= Assignment =
Where the line containing "22 Deermeade Bay SE" appears in the records below, begin there and repeat each line exactly through the final one, dropping all pictures.

= Record excerpts =
* * * * * * *

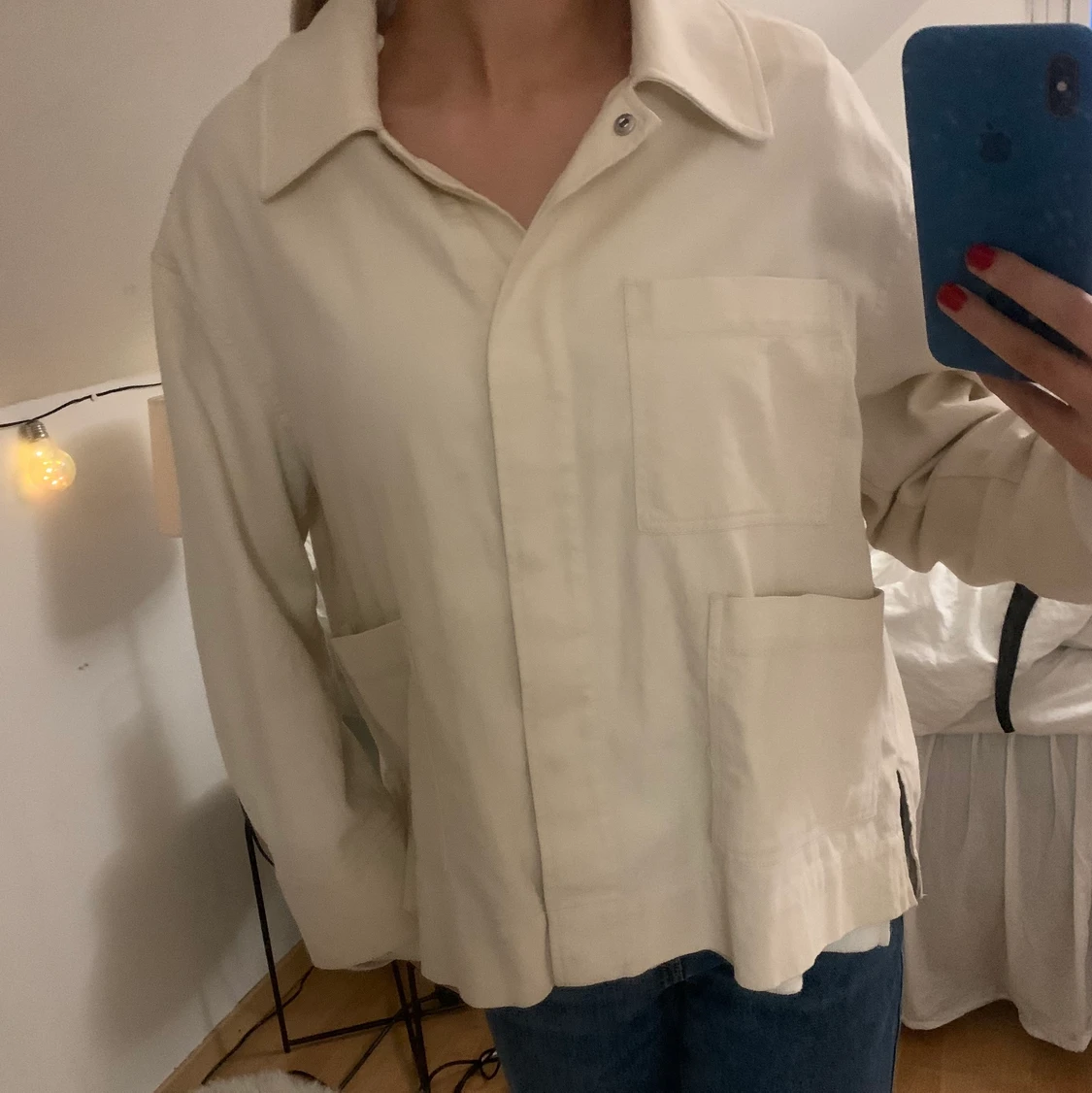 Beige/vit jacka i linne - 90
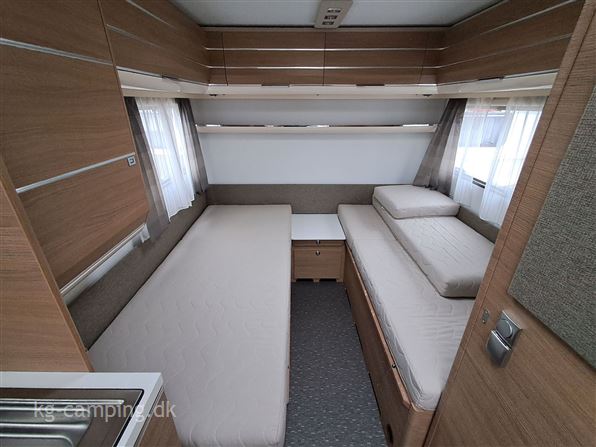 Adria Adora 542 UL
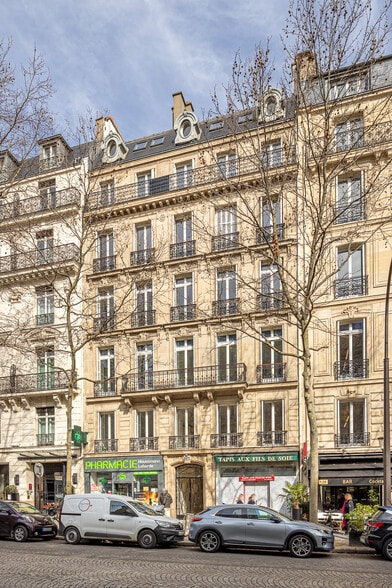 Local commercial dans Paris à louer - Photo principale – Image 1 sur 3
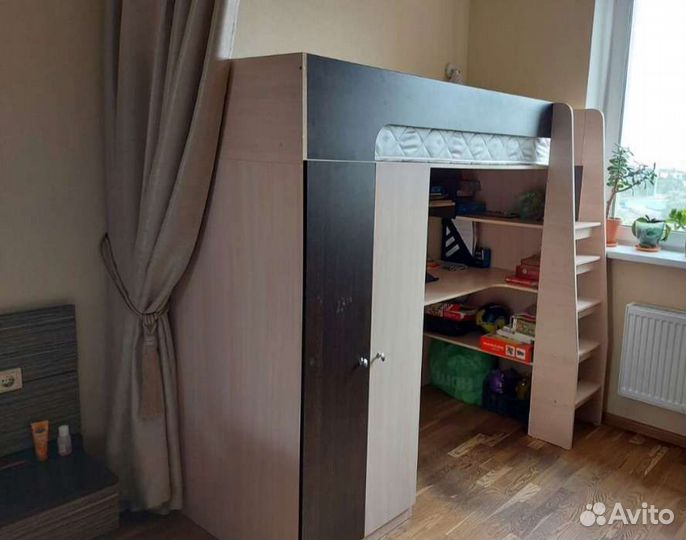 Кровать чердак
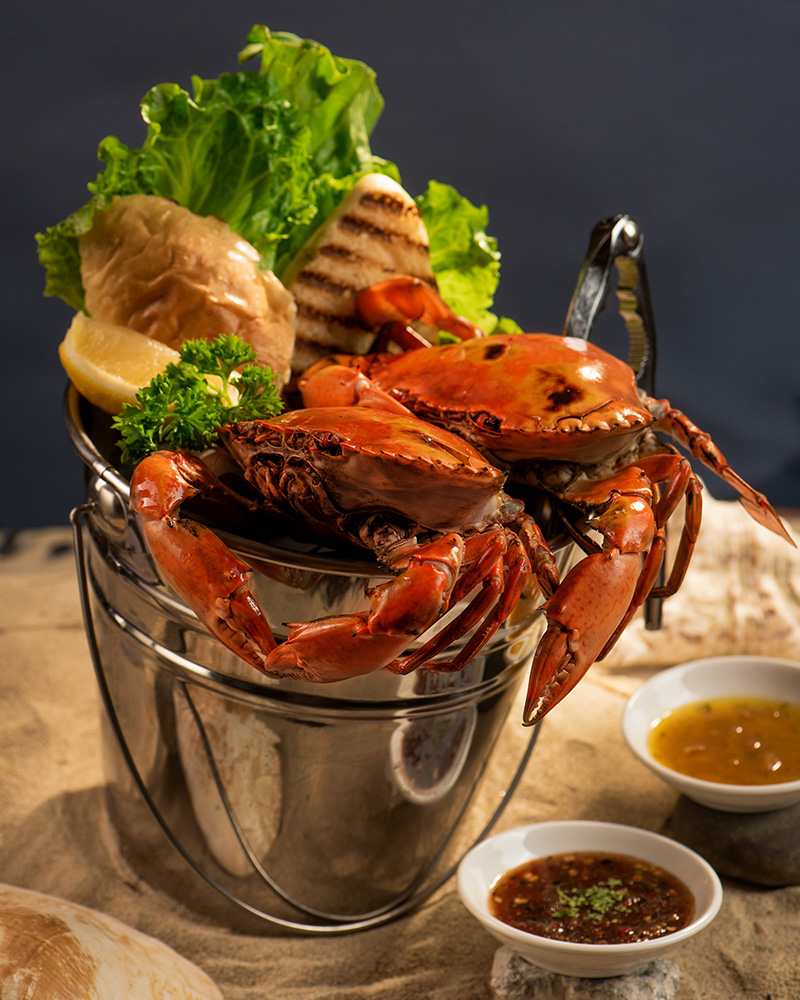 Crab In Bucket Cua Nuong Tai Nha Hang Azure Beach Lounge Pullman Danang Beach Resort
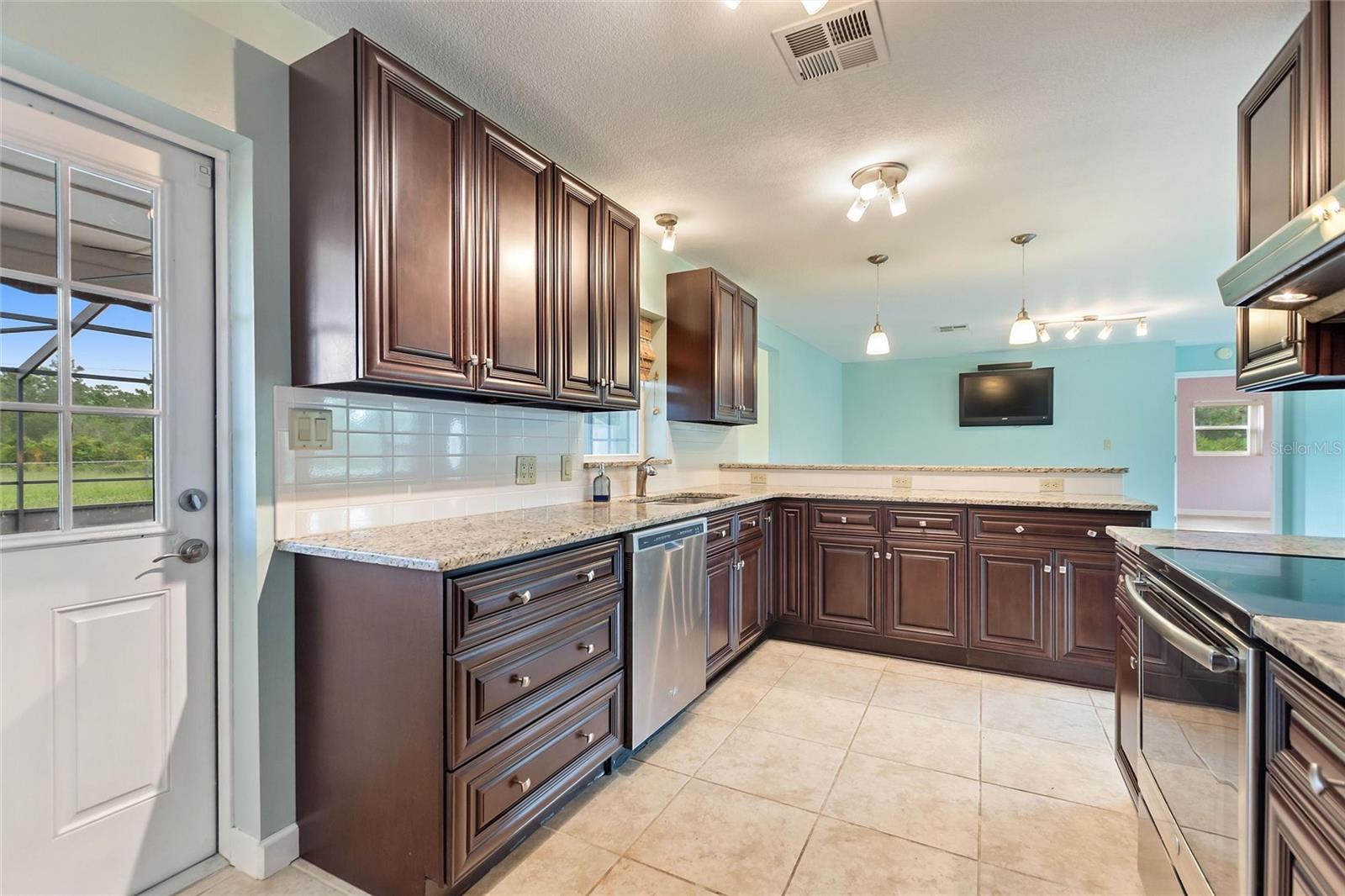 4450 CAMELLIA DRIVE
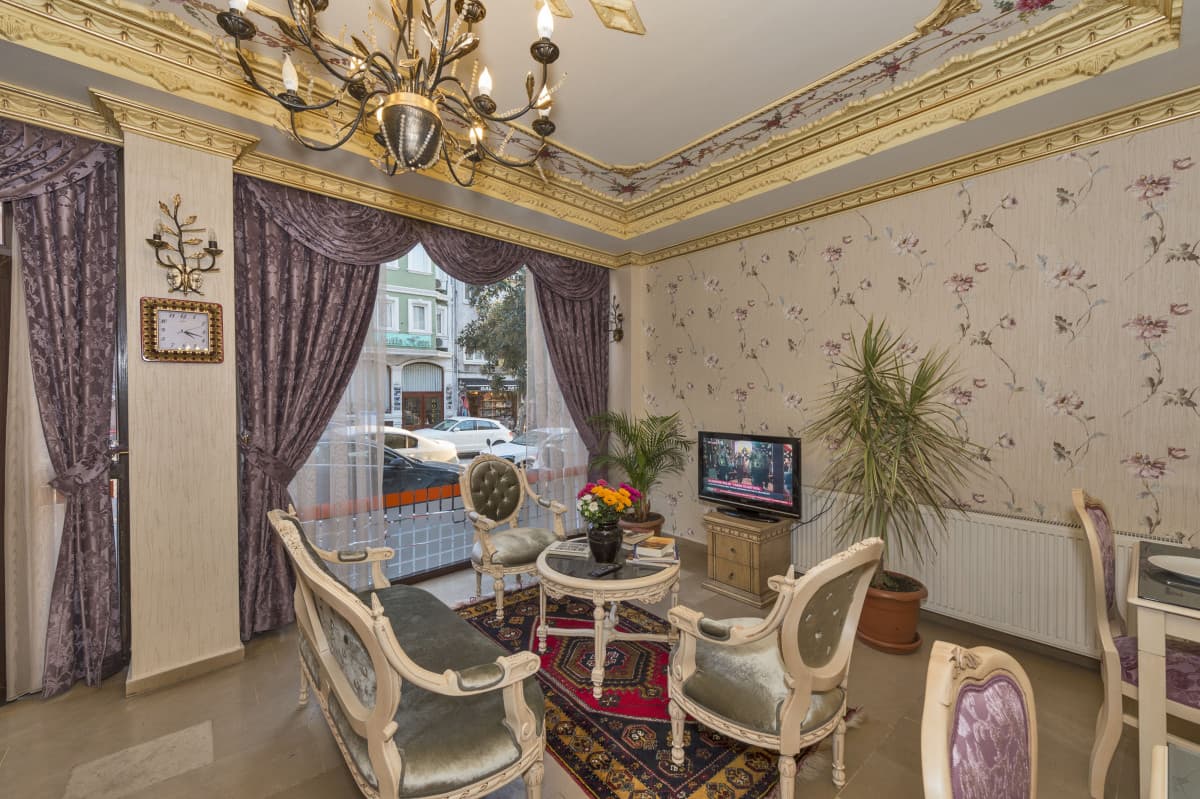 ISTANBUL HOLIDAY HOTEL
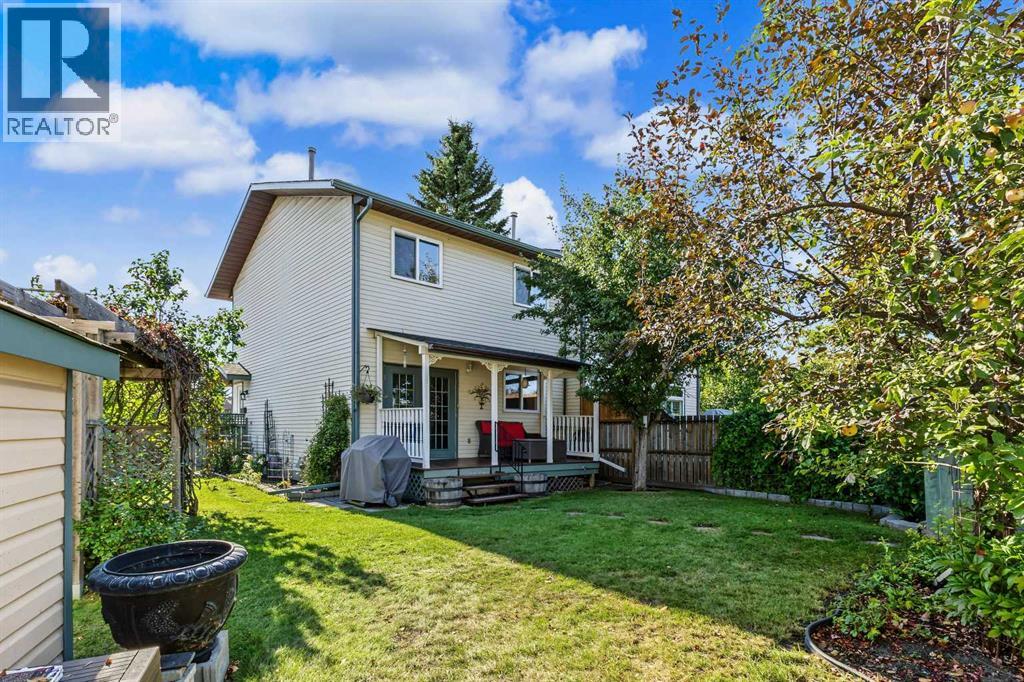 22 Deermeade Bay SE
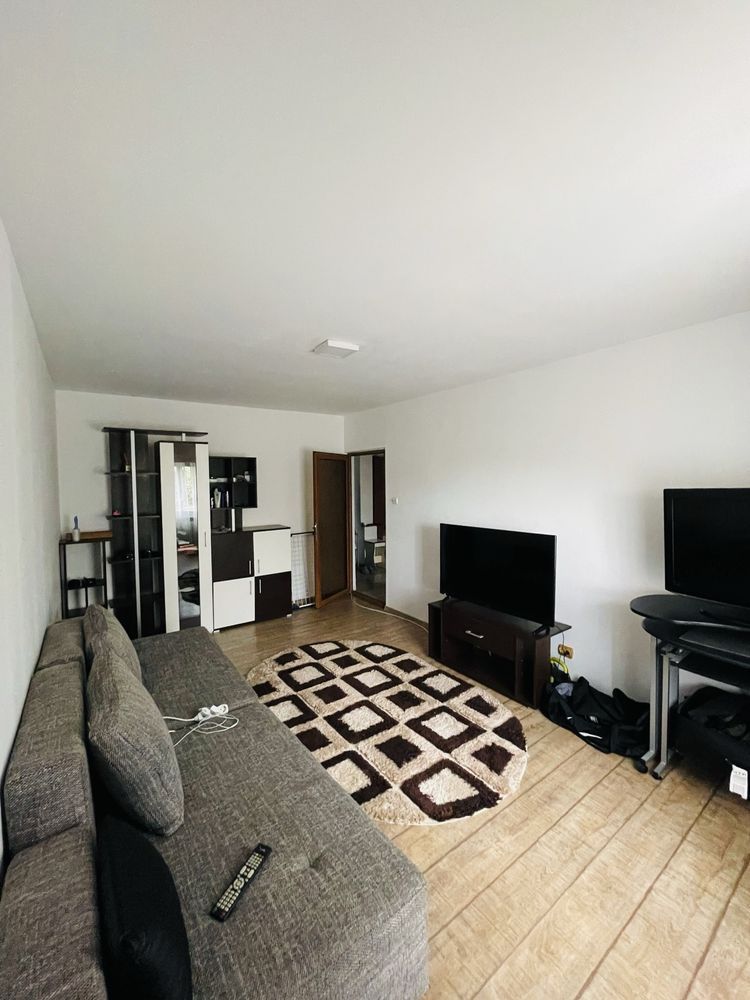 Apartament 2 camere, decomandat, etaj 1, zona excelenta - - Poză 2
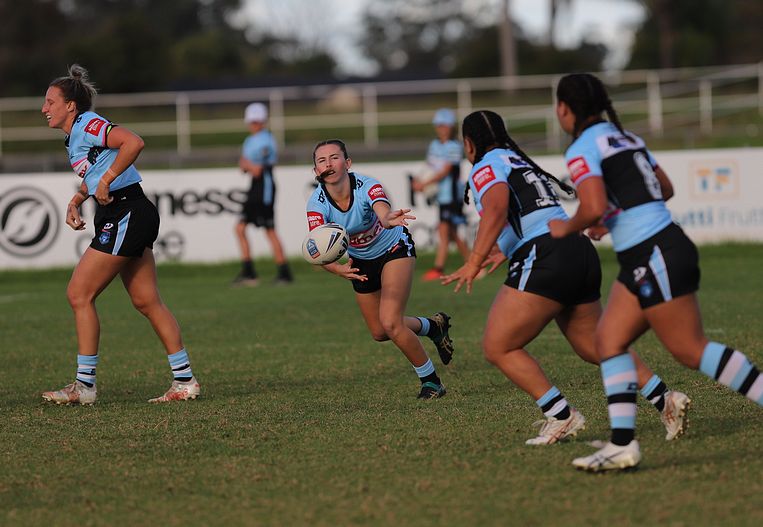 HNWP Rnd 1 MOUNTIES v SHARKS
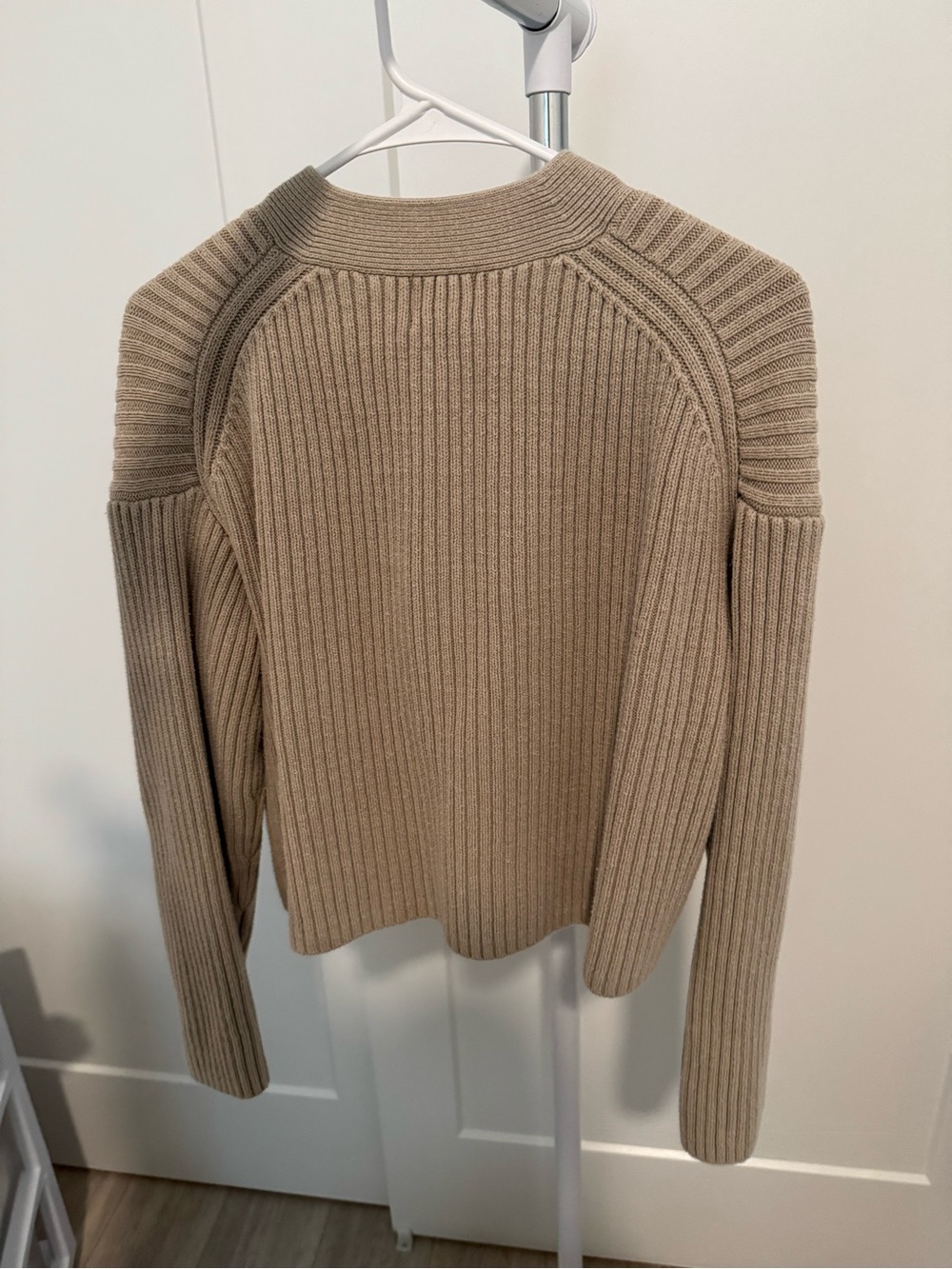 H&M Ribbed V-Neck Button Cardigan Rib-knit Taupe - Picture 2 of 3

* * * * * * *

= Result of this exercise =
 22 Deermeade Bay SE
 Apartament 2 camere, decomandat, etaj 1, zona excelenta - - Poză 2
 HNWP Rnd 1 MOUNTIES v SHARKS
 H&M Ribbed V-Neck Button Cardigan Rib-knit Taupe - Picture 2 of 3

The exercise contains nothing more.